* _What is required_
Write out, please, each line from the one containing "图片[3]-（3001期）无" to the final line of the data, both included, exactly and without pictures.

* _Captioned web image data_
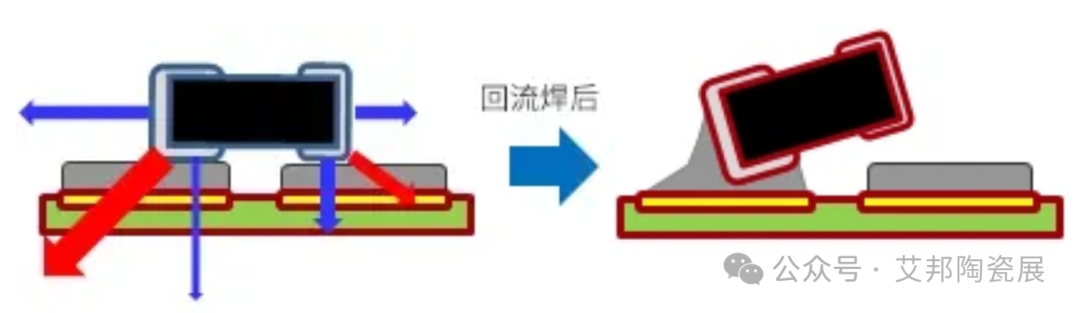 与MLCC相比，硅电容器有什么优点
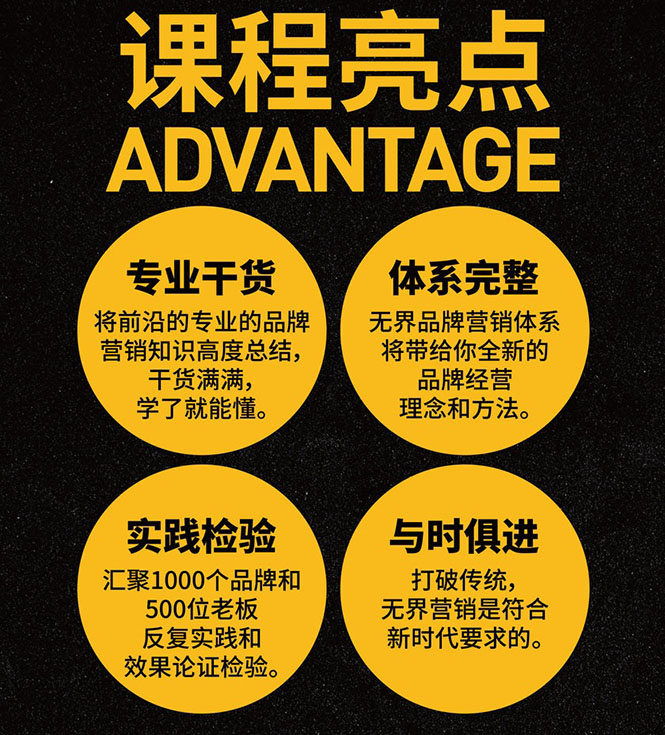 图片[3]-（3001期）无界营销思维转型课：1000个品牌实操经验，助你销量倍增（20节视频）-副业库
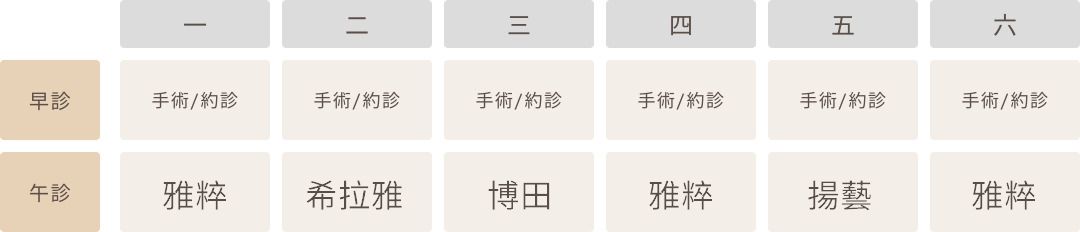 整形外科 蔡維軒醫師 門診表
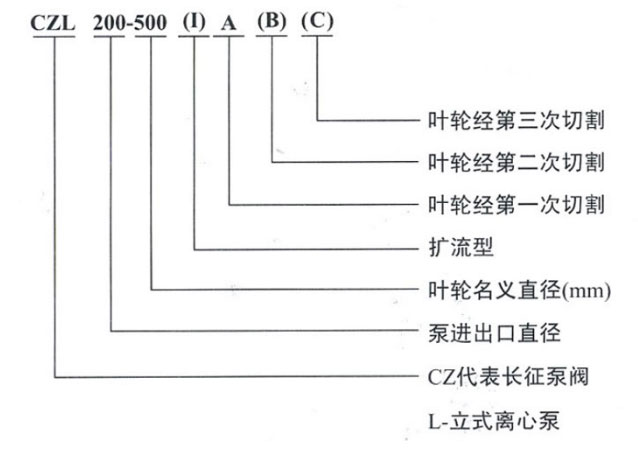 CZL立式離心泵型號意義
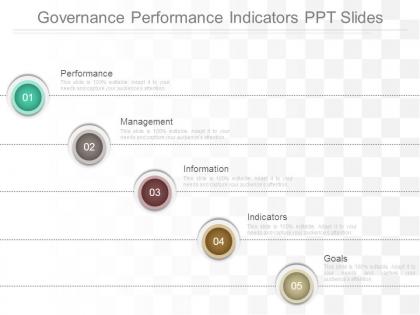 Governance performance indicators ppt slides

* _Reply_
 图片[3]-（3001期）无界营销思维转型课：1000个品牌实操经验，助你销量倍增（20节视频）-副业库
 整形外科 蔡維軒醫師 門診表
 CZL立式離心泵型號意義
 Governance performance indicators ppt slides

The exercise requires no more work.